Boon復刊 メンズファッション誌の光と影

Boon 復刊
先日、メンズファッション誌の「Boon」が復刊した。

Boonはアラフォー世代には懐かしいファッション誌だ。
スニーカーやビンテージジーンズの知識を、この雑誌から得た人も多いと思う(僕もそのひとりだ)。

内容も当時そのまま、スニーカーとジーンズが特集されている。
面白いのは、「STYLE SAMPLE」というコーナー。
当時は10〜20歳代のモデルが使われていたと記憶しているのだが、今回登場するのは30〜40歳代がほとんどだ。
そこからも今回の復刊が僕たちアラフォー世代、当時のBoon読者を狙っていることがわかる。

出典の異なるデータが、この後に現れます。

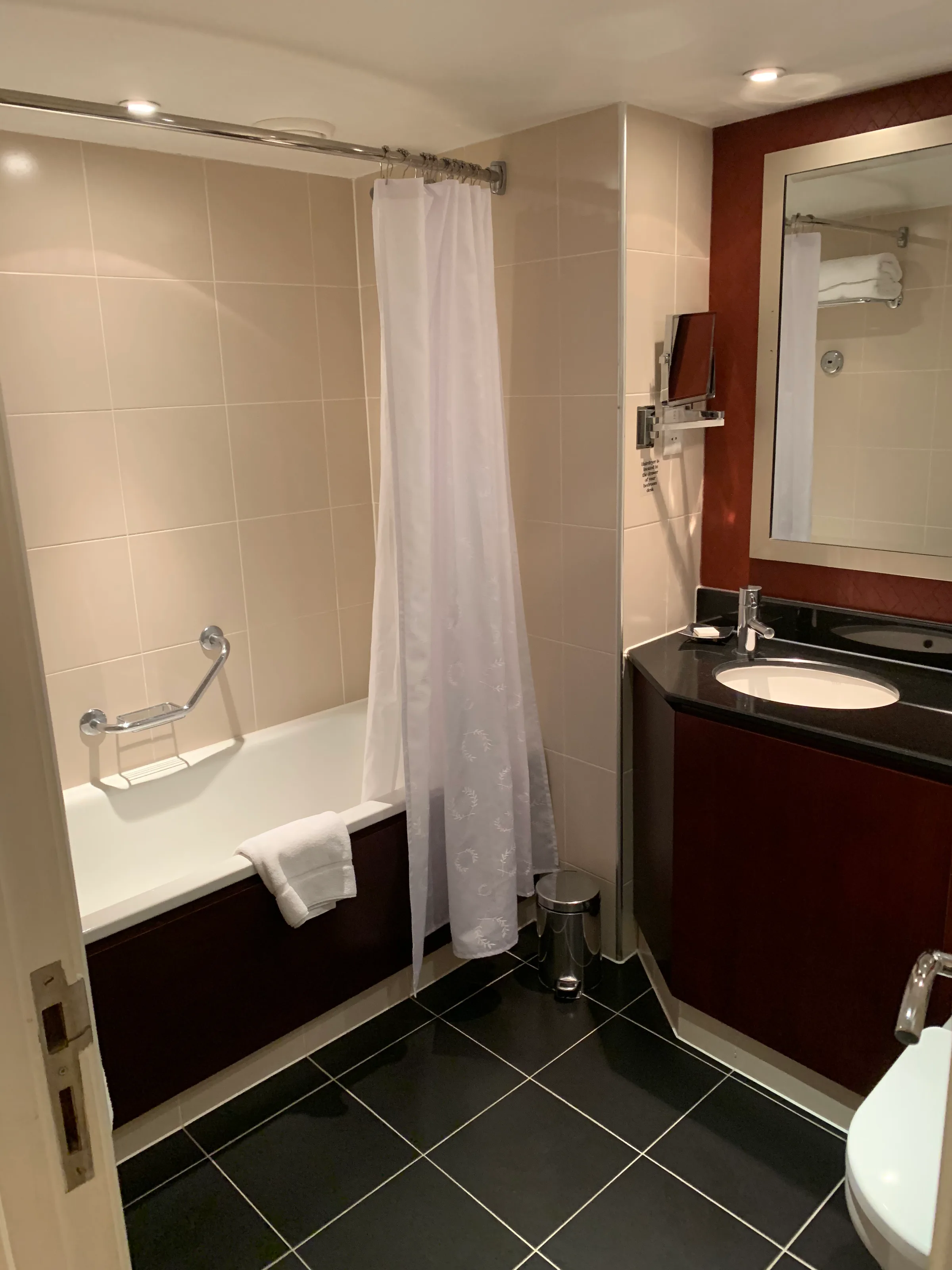 Hotelbad mit Badewanne und Dusche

メンズ・レディースを問わず雑誌の休刊(事実上の廃刊)があいつぐ中、懐かしい雑誌が復刊することは個人的にもうれしいことだ。
長らく雑誌など購入していなかったのだが(たぶん一旦休刊になり、電子書籍として復刊したflick!以来)、思わず購入してしまった。
そんなアラフォー男子も多いんじゃないかな。

ただし、復刊と行っても元の月刊誌ではなく、秋冬と春夏、年二回の発売になるようだ。
次号も買うか? と問われたら、たぶん買わないだろうな…
内容にもよるけど、たぶん買わないと思う…

雑誌(情報誌)という媒体が、終わったコンテンツである、と言われて久しい。
それは単純に電子書籍に替わられた、というより雑誌自体の必要性が薄れてきているのだと思う。

僕らが若い頃、情報源といえば雑誌と口コミだった。
口コミといっても、出どころは雑誌だったりするから、ほとんど雑誌から情報を得てきたといっても良いだろう。

しかし今の情報源はインターネットだ。
インターネットはリアルタイムで最新の情報を得ることができる。
雑誌のように1ヶ月、早くても1週間単位の情報ではない。

しかも無料だ(端末代や、通信費は必要だが)。
ネット上にはほとんどの情報が只で転がっている。
(唯一の欠点は、正しい情報と間違った情報、時には悪意のある情報が混ざっているということか…)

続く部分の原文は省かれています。